Artificial Intelligence for Automated Repair of Complex Software Systems
Project Lead: Dr Aldeida Aleti
When a modern car has 100 million lines of software code, and counting; if there’s a software fault, testing and repairing is an extremely difficult and expensive task. We are developing a novel methodology that employs AI techniques to automatically generate test cases to localise a software fault, generate patches that fix the faults, and verify the repair and reliability. These steps constitute Automated Software Repair. ASR has been identified as the grand challenge in software engineering research, which 10 years ago started a new area known as Search-Based Software Engineering (SBSE).
Despite many studies introducing various SBSE techniques, much remains to be learned about the effectiveness of these problem-dependent techniques. Our work seeks to understand the problem characteristics impacting effectiveness and help software engineers select the most appropriate technique for their software system.

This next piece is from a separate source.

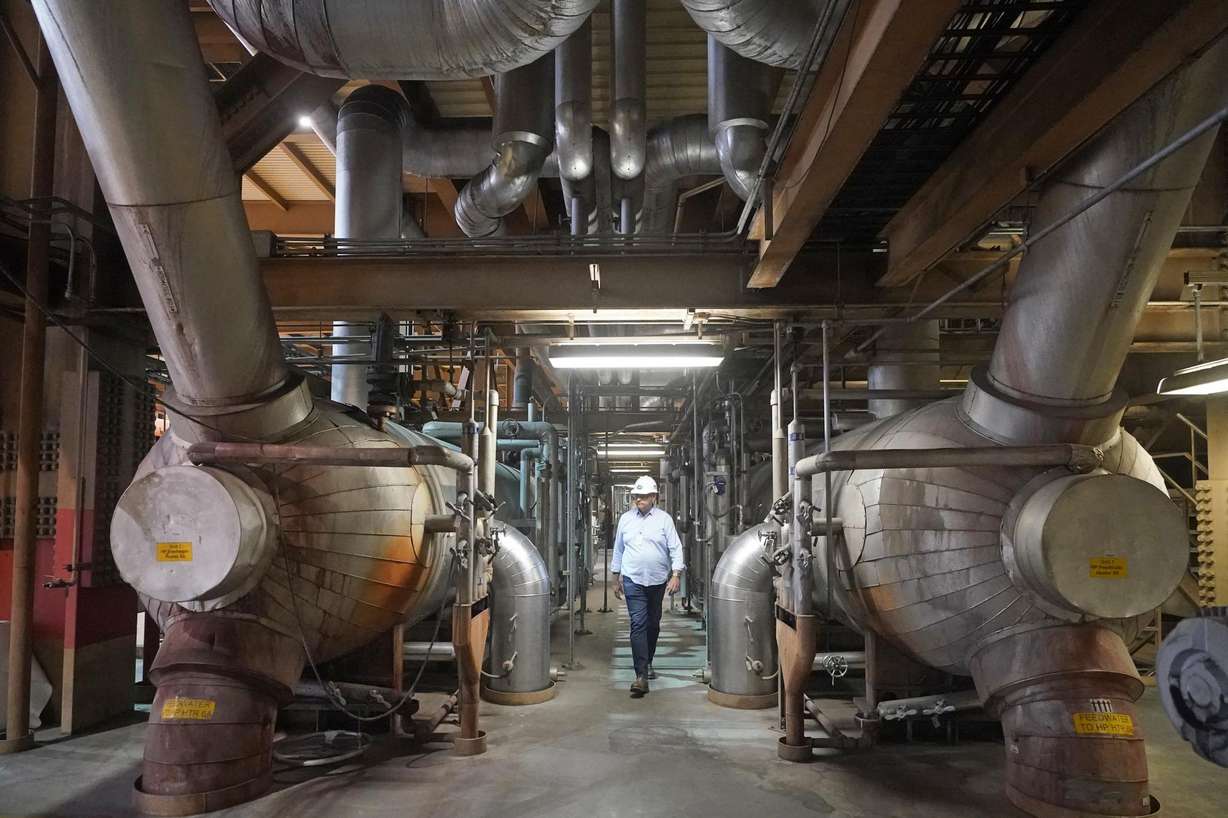 Intermountain Power Agency spokesperson John Ward walks through a coal power plant on June 22 in Delta. Developers in rural Utah who want to create big underground caverns to store hydrogen fuel won a $504 million loan guarantee this spring. They plan to convert the site of the 40-year-old coal plant to cleanly made hydrogen by 2045.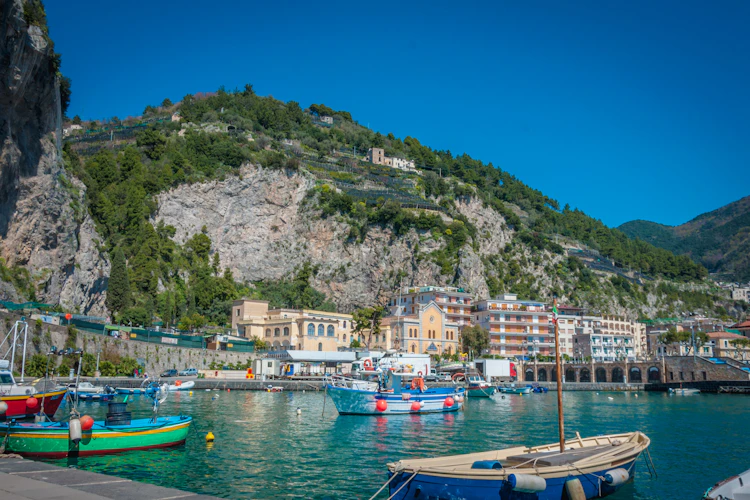 Farverige fiskerbåde i havnen i Maiori på den smukke Amalfikyst i Italien med dramatiske klipper og grønne terrasser i baggrunden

Emerging Technologies in Higher Education
The use of emerging technologies such as Virtual Reality VR, Augmented Reality AR and Artificial Intelligence AI has proliferated in recent times. This project seeks to understand the opportunities and challenges these emerging technologies present in education to build empathy for human needs and design more inclusive technology. The project aims to develop a human-centred framework and practical approaches to integrate these cutting-edge technologies into real-world educational settings for effective learning and teaching.
Software Engineering Empathy Guidelines
These guidelines focus on leveraging the positive effects of empathy to enhance software development practices, foster better collaboration, and improve outcomes. Additionally, they aim to support the mental health and well-being of practitioners by emphasising the benefits of empathy and addressing the challenges that arise from its absence.
AI for Pharmaceutical Development
Project Lead: Dr Aldeida Aleti In partnership with CSL, this project develops advanced AI and software engineering solutions to support pharmaceutical formulation development. By integrating machine learning models with domain-specific software systems, the project aims to accelerate the design, testing, and optimization of drug formulations. The collaboration enhances CSL’s R&D capabilities through intelligent automation, predictive analytics, and data-driven decision-making in early-stage product development.
Smart Cities and Suburbs: i-sense Oakleigh
Project Lead: John Grundy A collaborative project with Monash City Council, Victoria, Australia funded by Dept. Infrastructure, Regional Development and Cities. This project is supporting the delivery of innovative smart city projects to improve the livability, productivity and sustainability of cities and towns across Australia.